Willis T. Knowlton, born July 30, 1848 in Portsmouth, New Hampshire, played a pivotal role in logging and lumber operations in Michigan and Minnesota alongside Ammi W. Wright for nearly four decades. From a family of shipbuilders, Knowlton’s business acumen flourished after moving to Chicago in 1864. His career took a significant turn after the great Chicago fire of 1871, eventually leading to his partnership with Wright. The successful merger of several business entities into the A. W. Wright Lumber Company saw annual production reach thirty million feet of logs. The business concluded in 1902 when the timber reserves were depleted. Knowlton also ventured into Minnesota’s logging and railway business, concluding those activities in 1897. He married Grace B. Ketcham in 1879, had two daughters, and spent winter seasons in California. Esteemed in Saginaw, Knowlton was a dedicated member of St. John’s Episcopal Church and highly respected in the community.

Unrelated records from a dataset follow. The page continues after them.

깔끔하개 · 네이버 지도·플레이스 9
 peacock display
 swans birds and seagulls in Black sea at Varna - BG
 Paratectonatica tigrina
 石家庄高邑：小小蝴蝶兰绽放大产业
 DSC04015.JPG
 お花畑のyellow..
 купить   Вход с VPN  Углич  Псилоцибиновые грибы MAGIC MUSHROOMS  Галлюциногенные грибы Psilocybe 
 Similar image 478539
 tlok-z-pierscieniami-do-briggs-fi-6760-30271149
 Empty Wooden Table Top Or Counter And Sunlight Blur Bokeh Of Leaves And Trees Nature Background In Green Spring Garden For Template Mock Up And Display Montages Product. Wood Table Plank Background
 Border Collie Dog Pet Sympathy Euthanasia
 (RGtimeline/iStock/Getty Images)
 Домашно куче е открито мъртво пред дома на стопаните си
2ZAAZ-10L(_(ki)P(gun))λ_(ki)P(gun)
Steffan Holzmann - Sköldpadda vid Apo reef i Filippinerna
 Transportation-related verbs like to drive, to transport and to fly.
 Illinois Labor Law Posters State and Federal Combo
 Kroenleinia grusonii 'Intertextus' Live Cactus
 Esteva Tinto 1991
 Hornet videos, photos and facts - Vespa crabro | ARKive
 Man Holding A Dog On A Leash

Willis T. Knowlton, for almost forty years associated with Ammi W. Wright in extensive logging and lumbering operations in Michigan and Minnesota, was born in Portsmouth, New Hampshire, on July 30, 1848. His parents were John and Elizabeth Caroline Knowlton, who were descended from pioneer families of New England. The father was born in Eliot, Maine, on December 18, 1820, and the mother was born in Portsmouth, New Hampshire, in 1822. They were married on September 4, 1845, and were blessed with three sons and two daughters. The leading industry of Portsmouth was shipbuilding, and John Knowlton followed the occupation of shipwright, later being employed in the construction department of the United States Navy Yard. He died in 1890 and was buried in Portsmouth.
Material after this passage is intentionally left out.